Prompt:
The entries below need to be transcribed exactly, without their images.

Captioned web image data
== Segment start ==

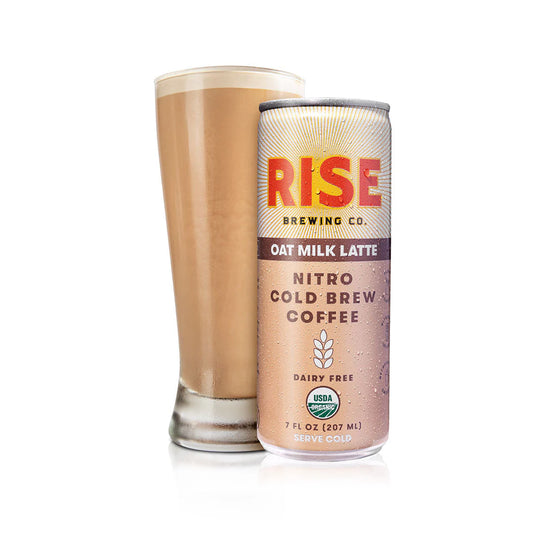 LEFT COAST   Oat Beverage Latte   207ml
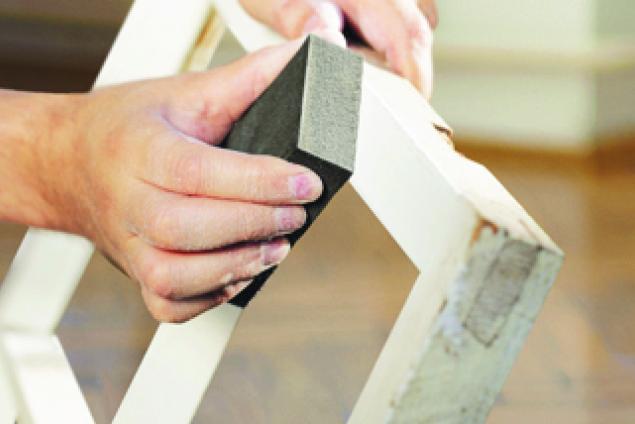 Sanding sponges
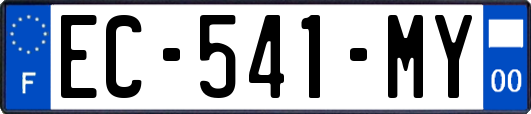 EC-541-MY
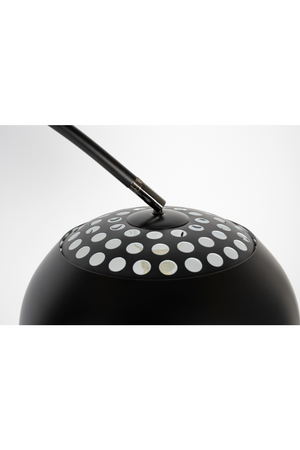 Adjustable Arched Floor Lamp | Zuiver Metal Bow | Oroa.com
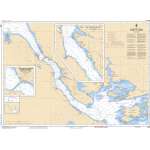 CHS Chart 4302: Strait of Canso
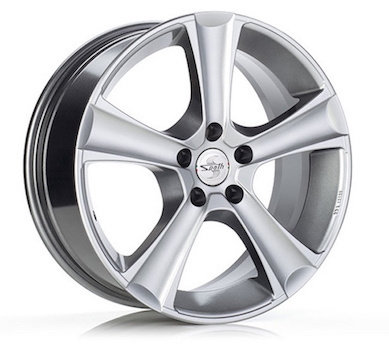 Janta aliaj Spath SP18 CROMOLOOK CB72.6 5/120 18X8 ET40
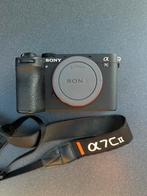 Sony A7C II, Ophalen, Zo goed als nieuw, Sony
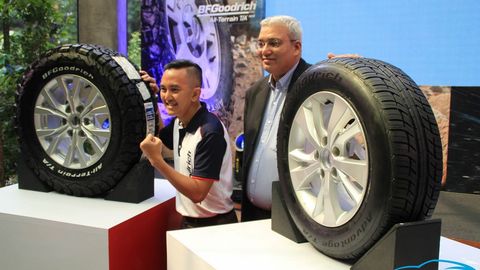 BFGoodrich announces two new tyres for Malaysian market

== Segment end ==

Your solution:
 LEFT COAST   Oat Beverage Latte   207ml
 Sanding sponges
 EC-541-MY
 Adjustable Arched Floor Lamp | Zuiver Metal Bow | Oroa.com
 CHS Chart 4302: Strait of Canso
 Janta aliaj Spath SP18 CROMOLOOK CB72.6 5/120 18X8 ET40
 Sony A7C II, Ophalen, Zo goed als nieuw, Sony
 BFGoodrich announces two new tyres for Malaysian market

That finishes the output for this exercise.